If the PLA reveals sufficient training, you could skip part or all of POET.  The only way to know for sure is to have the PLA done.  Certification from OACETT as a C.Tech would almost certainly guarantee skilled entrant status (and potentially a recruitment allowance of $10K/$20K, if the trade you apply for is eligible at the time) - that's why I mentioned it.  Search this site for "recruitment allowance" for more info on it, but check with the recruiting centre for the most up-to-date list of eligible trades.  Don't take anyone's word here about eligible trades, unless they're a recruiter giving you current info.



> Right now I'm just taking a few weeks to brush up on my Math before taking my CFAT.
> 
> Living in Windsor, also makes having my trade training in Kingston a bit better for the family.
> 
> I would only consider NE Tech if I did it through SEP. I am assuming they pay more for NE Techs (through SEP)because they have a harder time keeping recruits in that trade??? This would be an incentive I assume...



I'm still not convinced that there is a difference in the rate of pay between a NE Tech student or a LCIS/ATIS Tech student in the NCM-SEP program.  I can't guarantee that the RCC webpage is out to lunch, but I'm pretty sure it is.  For example, Conestoga College has a webpage for NCM-SEP, and they don't make a distinction between the trades, salary-wise.  I'm pretty sure the intent of NCM-SEP was, and has always been, to produce Cpl/LS technicians at the end of two years of college.  The rate of pay should be the same, regardless of trade.

Check with a recruiter to be sure.

Something else you may want to ask a recruiter is whether skilled entrants are subject to the same "closed" status as regular applicants.  A lot of times recruiting stops in a trade because the training system can only handle so many people.  If training isn't necessary, you may not be subject to the wait.  I'm just tossing that out there as something you would want to check on, considering you do have skills and many trades are frozen until April.


----------



## Eye In The Sky (5 Feb 2010)

I'll add my 2 beans for the ATIS side (as a former 226r).

1.  I think you would be more likely to get a *semi-skilled* entry as opposed to *skilled*.  With no previous CF time, you'd do BMQ for sure.  Also, skilled usually means "no MOC training required".  For applicants right off the street, that means they can be employed after completing BMQ.  

2.  You *may* get a POET bypass, but I would suggest it is highly unlikely you will get a MOC training bypass of any kind.  The QL3 course is the first "equipment" course for ATIS, run out of Kingston.  It would cover many things that you've never seen before, i.e. equipment specific to airfields (RADAR, etc).

3.  Following the completion of the QL3 apprentice course, ATIS Techs are then posted to their first unit, and then have to complete a QL3 Apprentice OJT package.  Its not overly in depth, but expands on everything you'd of learned up to date.  The package requires X amount of time on "system x", with there being 6 areas IIRC, that must be signed off by a journeymen level tech (Cpl with QL5 as a minimum).

4.  After completing the QL3 OJTP, it is sent off to AF C & E Trg in Winnipeg.  The CWO shop there would then course load you on the QL5 course, ran in Trenton.  Its about 3 months long.  After that you would likely go to Kingston again for a 3 week High Reliability Soldering course.

5.  After that, you'd go back to your unit/Wing and get plugged in to one of the sections and then you'd be a Spec 1 Journeymen Tech.

A few years ago, there was a loophole where a few people had PLARs completed that didn't make it to the right desk for equivalencies.  The file was supposed to go to CFCSE in Kingston, but didn't.  Since then, all equivalancies have to go thru AF C & E Trg at 1CAD before a bypass is granted.  Or, that was what I was told by the ATIS career manager a few years back.

Hope this info helps some.  Someone who is still living and breathing the 226 world might know of more current info on direct entry folks, PLARs and the like.


----------



## RedMan (5 Feb 2010)

Is getting a PLAR a way of getting Certification from OACETT as a C.Tech?
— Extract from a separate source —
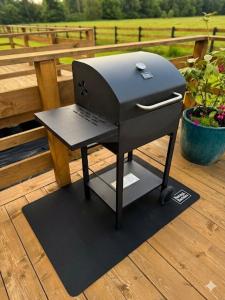 a grill on a deck with a laptop computer on it at Glamping LA BELLA Suntago in Aleksandria
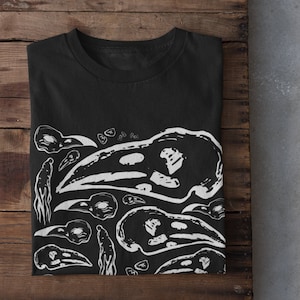 Puede incluir: Camiseta negra con un diseño gráfico blanco de calaveras de pájaros y formas abstractas. La camiseta está doblada sobre una superficie de madera, con zapatillas blancas visibles en la parte inferior. Una prenda informal de inspiración gótica.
Or is that something I have to do on my own?

I would assume I "could" be considered semi-skilled, since I've been doing this for 14 years. I wouldn't think I could bypass ALL of POET, but definetly some of it!  Anything besides that I know I would have to (re)learn, as it is very specific to Military equipment.



> After that you would likely go to Kingston again for a 3 week High Reliability Soldering course.



What does this entail? I've removed(desoldered) and replaced (soldered) almost any kind of component and IC/chip/processor there is out there everyday for years... except for Ball Grid Array ICs. I lost my job before we started changing those...


Thank you guys... you are very informative. I always check all info I get with the Recruiter, so don't worry.


----------



## Occam (5 Feb 2010)

RedMan said:
			
		

> Is getting a PLAR a way of getting Certification from OACETT as a C.Tech? Or is that something I have to do on my own?



Other way around.  Applying for and receiving certification from OACETT would ensure that your PLA results in (semi-) skilled entrant status.  OACETT certification makes you a "card-carrying" electronics tech.



> I would assume I "could" be considered semi-skilled, since I've been doing this for 14 years. I wouldn't think I could bypass ALL of POET, but definetly some of it!  Anything besides that I know I would have to (re)learn, as it is very specific to Military equipment.



Only a PLA will tell you for sure how much your prior training/experience will count towards POET.  EITS is correct in that you'll have to go through the TQ3 equipment phase, regardless of the results of your PLA. 



> What does this entail? I've removed(desoldered) and replaced (soldered) almost any kind of component and IC/chip/processor there is out there everyday for years... except for Ball Grid Array ICs. I lost my job before we started changing those...



If that's the case, the HRS course will be a relaxing three weeks for you.   ;D


----------